Niemrawy efekt oszczędności JSW. Kluczowe rozmowy ze związkami bez efektu
W obliczu pogłębiających się strat i nie najlepszej koniunktury gospodarczej władze węglowego giganta deklarują podjęcie działań w celu ochrony płynności. Pracownicy mają być nie zagrożeni. Optymalizacja kosztów pracowniczych - jak deklaruje zarząd - to ostateczność. Niemniej rozmowy ze związkami zawodowymi trwają.
Bez dobrych prognoz
Nastroje zarządu zdają się wskazywać, że na razie nie będzie podejmować żadnych trudnych decyzji, a przynajmniej do końca pierwszego półrocza będzie zarządzać spółką, a nie wyznaczać jej nowe cele, które niewątpliwie powinny zmierzać w stronę ograniczenia wydatków, także pracowniczych. – Spółka ma jeszcze rezerwy rzędu 1,78 mld zł, jednak w tempie, jakim wydaje obecnie i przy pogarszających się czynnikach rynkowych, jak spadające ceny węgla, może zabraknąć gotówki za dwa–trzy kolejne kwartały, a więc być może już przed końcem roku.
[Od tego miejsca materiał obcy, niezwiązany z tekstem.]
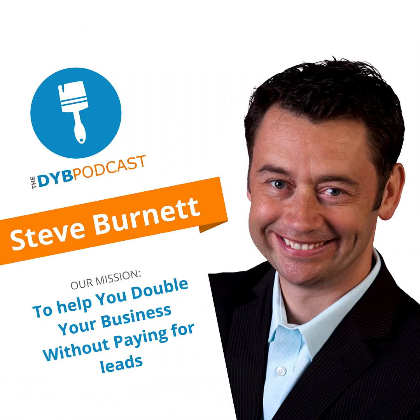Welcome to the DYB Podcast, where each week we share strategies and stories to inspire you to double your business so that you can have financial freedom, time for your family, and make an impact in your community. And now, this week's episode.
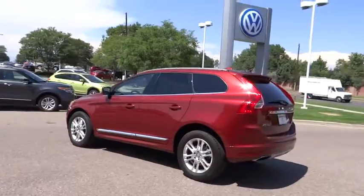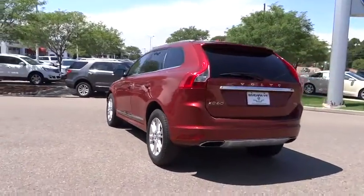This vehicle has less than 35,000 miles. Here are some of this vehicle's great options.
Zapowiedziane działania zmierzające do odzyskania 1,6 mld zł tzw. opłaty solidarnościowej także należy czytać jako próbę zyskania na czasie. Trudno jednak spodziewać się pozytywnej reakcji ze strony zarządu – mówi Jakub Szkopek, analityk Erste Securites. Pytany o efekty planu naprawczego JSW, wskazuje, że optymalizacja produkcji, zwiększenie efektywności oraz zwiększenie wydobycia (co już zostało ograniczone przez wypadek w jednej z kopalń) może przynieść pozytywne efekty, ale w obliczu spadających cen węgla na świecie może się to okazać niewystarczające. – Dochodzi do tego aspekt wojny handlowej, co źle wróży przemysłowi stalowemu i tym samym węglowi koksującemu – mówi.